DU JUSTE DE L’INJUSTE.



Qui nous a donné le sentiment du juste & de l’injuste ? Dieu, qui nous a donné un cerveau & un cœur. Mais quand votre raison vous apprend-elle qu’il y a vice & vertu ? quand elle nous apprend que deux & deux font quatre. Il n’y a point de connaissance innée, par la raison qu’il n’y a point d’arbre qui porte des feuilles & des fruits en sortant de la terre. Rien n’est ce qu’on appelle inné, c’est-à-dire, né développé : mais, répétons-le encor, Dieu nous fait naître avec des organes qui à mesure qu’ils croissent nous font sentir tout ce que notre espèce doit sentir pour la conservation de cette espèce.

Comment ce mystère continuel s’opère-t-il ? dites-le-moi, jaunes habitans des îles de la Sonde, noirs Africains, imberbes Canadiens, & vous Platons, Cicérons, Épictètes. Vous sentez tous également qu’il est mieux de donner le superflu de votre pain, de votre ris ou de votre manioc au pauvre qui vous le demande humblement, que de le tuer ou de lui crever les deux yeux. Il est évident à toute la terre qu’un bienfait est plus honnête qu’un outrage, que la douceur est préférable à l’emportement.

Il ne s’agit donc plus que de nous servir de notre raison pour discerner les nuances de l’honnête & du déshonnête.
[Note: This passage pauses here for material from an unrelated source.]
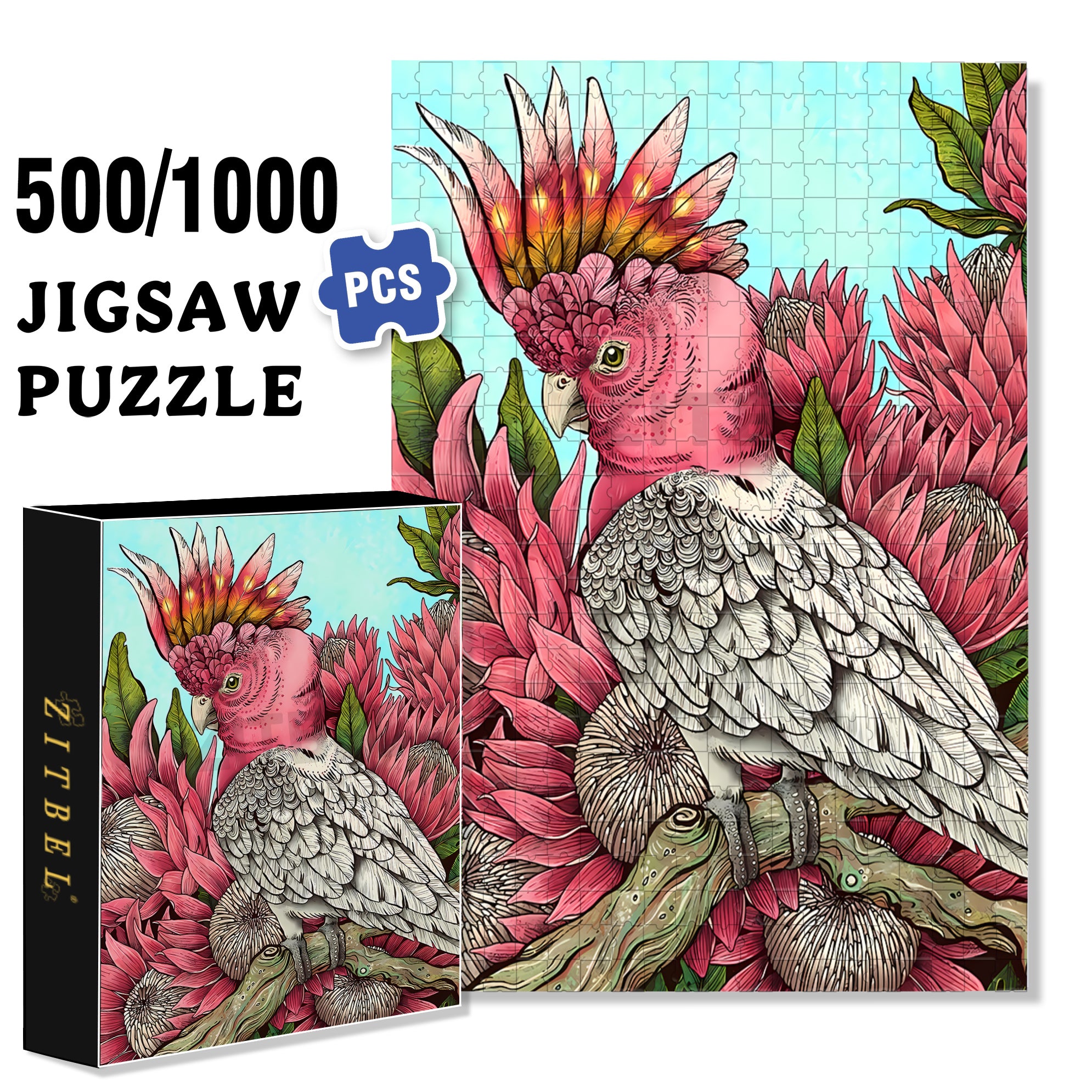 Emperor Flower 500pcs/1000pcs Jigsaw Puzzle, Scratch-Resistant, Interactive Family Game & Brain-Boosting DIY Decor, Perfect for Halloween, Christmas & New Year Gifts, Family Puzzle Game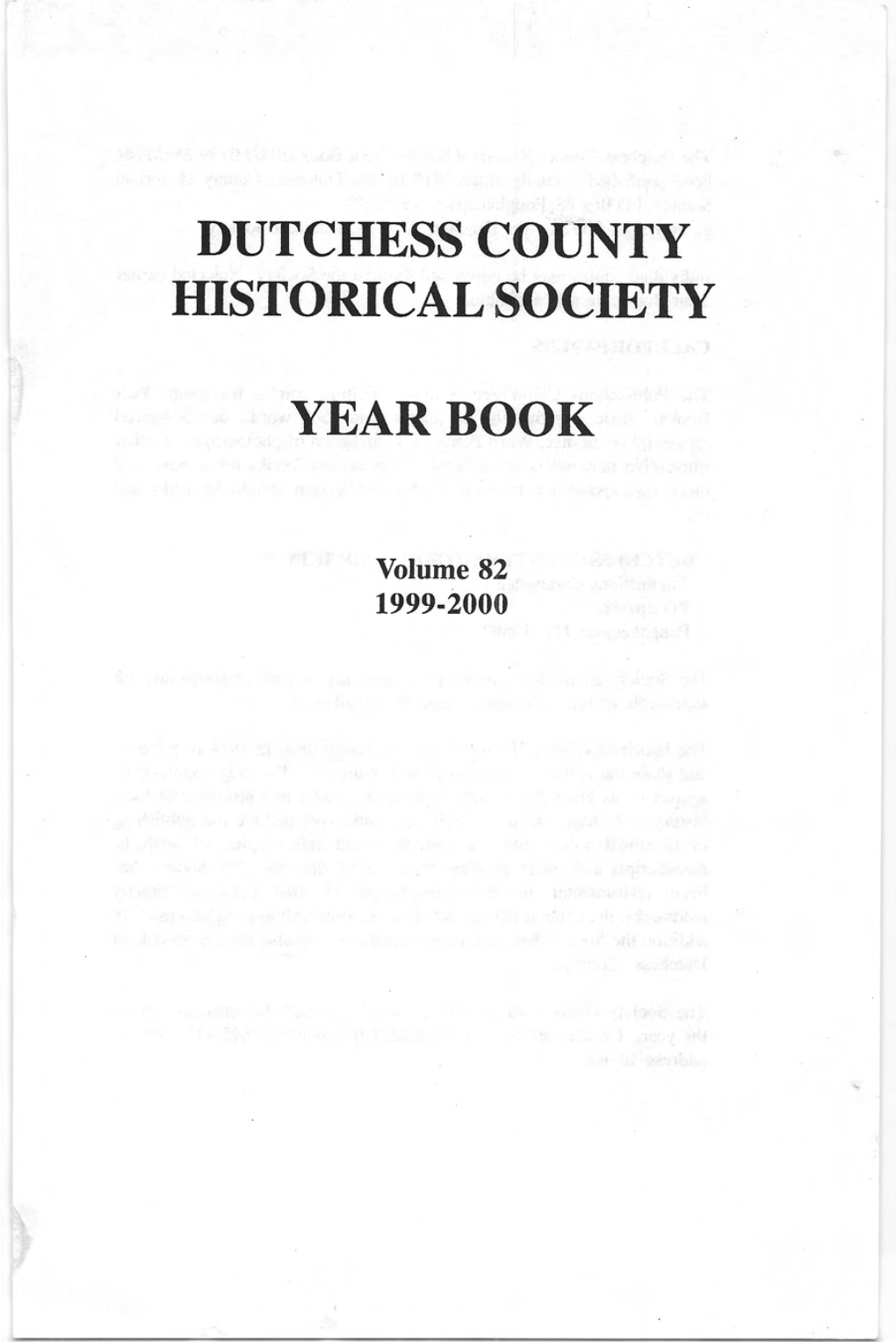 Dutchess County Historical Society Yearbook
Le bien & le mal sont souvent voisins ; nos passions les confondent : qui nous éclairera ? nous-mêmes quand nous sommes tranquilles. Quiconque a écrit sur nos devoirs a bien écrit dans tous les pays du monde, parce qu’il n’a écrit qu’avec sa raison. Ils ont tous dit la même chose : Socrate & Épicure, Confutzée & Cicéron, Marc-Antonin & Amurath second ont eu la même morale.

Redisons tous les jours à tous les hommes, La morale est une, elle vient de Dieu ; les dogmes sont différens, ils viennent de nous.

Jésus n’enseigna aucun dogme métaphysique, il n’écrivit point de cahiers théologiques ; il ne dit point, Je suis consubstantiel, j’ai deux volontés & deux natures avec une seule personne ; il laissa aux cordeliers & aux jacobins qui devaient venir douze cents ans après lui, le soin d’argumenter pour savoir si sa mère a été conçue dans le péché originel ; il n’a jamais dit que le mariage est le signe visible d’une chose invisible ; il n’a pas dit un mot de la grace concomitante ; il n’a institué ni moines ni inquisiteurs ; il n’a rien ordonné de ce que nous voyons aujourd’hui.

Dieu avait donné la connaissance du juste & de l’injuste dans tous les tems qui précédèrent le Christianisme. Dieu n’a point changé & ne peut changer : le fond de notre âme, nos principes de raison & de morale seront éternellement les mêmes. De quoi servent à la vertu des distinctions théologiques, des dogmes fondés sur ces distinctions, des persécutions fondées sur ces dogmes ? La nature effrayée & soulevée avec horreur contre toutes ces inventions barbares, crie à tous les hommes, Soyez justes, & non des sophistes persécuteurs.

Vous lisez dans le Sadder, qui est l’abrégé des loix de Zoroastre, cette sage maxime. Quand il est incertain si une action qu’on te propose est juste ou injuste, abstiens-toi. Qui jamais a donné une règle plus admirable ? quel législateur à mieux parlé ? Ce n’est pas là le systême des opinions probables inventé par des gens qui s’appelaient la Société de Jésus.